En la medida en que las cifras de la pandemia se tornan cada vez más alentadoras en nuestro país, muchas organizaciones, considerando protocolos y medidas de seguridad, han implementado planes de retorno al trabajo presencial de sus colaboradores y colaboradoras. En ocasiones, se argumenta simplemente que como ya están las condiciones solo hace falta volver. Pasar de la oficina vacía a la oficina orgánica, con cuerpos, respiración y afectos. No debería haber problemas, ya que “las cosas siempre han sido así”, “esa es la normalidad”, aunque lo cierto es que ya van dieciocho meses de teletrabajo. Tiempo suficiente para instalarlo como “la norma”. Ante este panorama, se hace inevitable preguntar: ¿de qué manera es posible incorporar los cambios y aprendizajes de los últimos tiempos en un contexto presencial? ¿Están las organizaciones considerando las resistencias al cambio que posiblemente emerjan al modificarse otra vez las condiciones de trabajo de sus miembros? Finalmente: ¿Qué cosas deben priorizar las organizaciones a la hora de implementar sus planes de retorno?

Creo que pensar en volver a la normalidad es siempre una fantasía. Es como cuando una pareja se separa y después vuelve a establecer una relación. La nueva relación nunca es igual a la primera, por más que las condiciones sean similares: misma casa, misma mascota, misma cama. Lo anterior se debe a que el tiempo de la vida es una experiencia en devenir. Una experiencia transformadora. Por eso cada instante en nuestras vidas es siempre algo nuevo y por más que artificialmente podamos establecer cortes, siempre nos hayamos inmersos en un continuo en el que nunca sabemos con certeza dónde empieza y termina un cambio. Evidentemente esta experiencia está medida por las situaciones que en parte determinan nuestra vida, el trabajo, sin duda, ocupa un lugar relevante desde este punto de vista.

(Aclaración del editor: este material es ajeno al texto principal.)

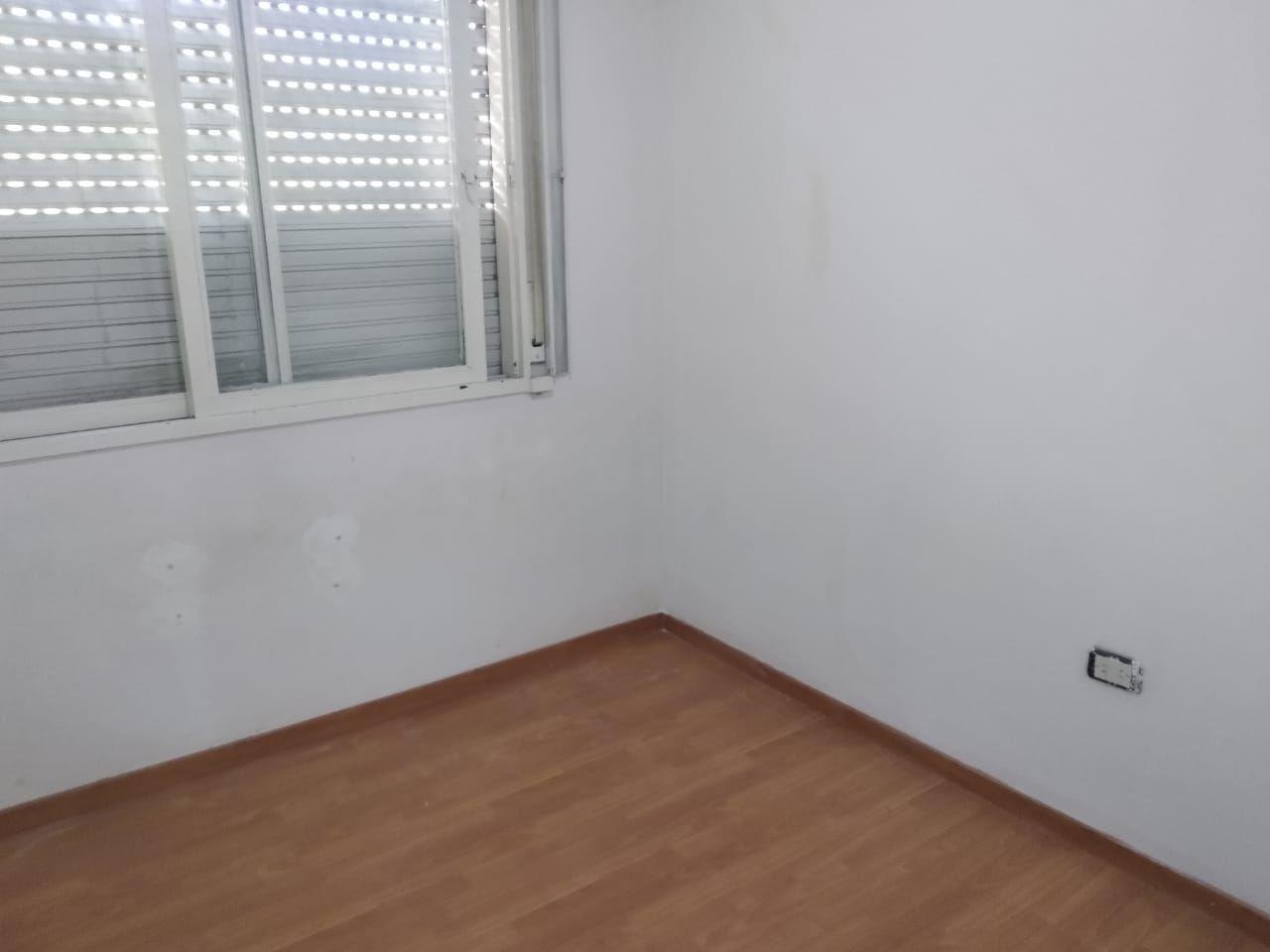 Foto de Departamento reciclado a nuevo con cochera, oportunidad., imagen 5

Entrar al mundo del trabajo implicaba hasta antes de la pandemia, como experiencia generalizada, un modo de existir particular. Una rutina que consistía en despertar de madrugada. Un tiempo de traslado compungido por el exceso de transeúntes sincronizados. Una cantidad importante de horas en la oficina o lugar de desempeño. Un viaje de retorno y un breve espacio para compartir con el círculo cercano o para “dedicarse a uno mismo”. Un fin de semana para descansar, salir o para los quehaceres domésticos. Unos hijos que crecían rápido. Una mascota que acariciábamos menos. Etcétera, etcétera. Todo esto cambió repentinamente y lo más difícil fue establecer la frontera entre el ámbito íntimo y el laboral.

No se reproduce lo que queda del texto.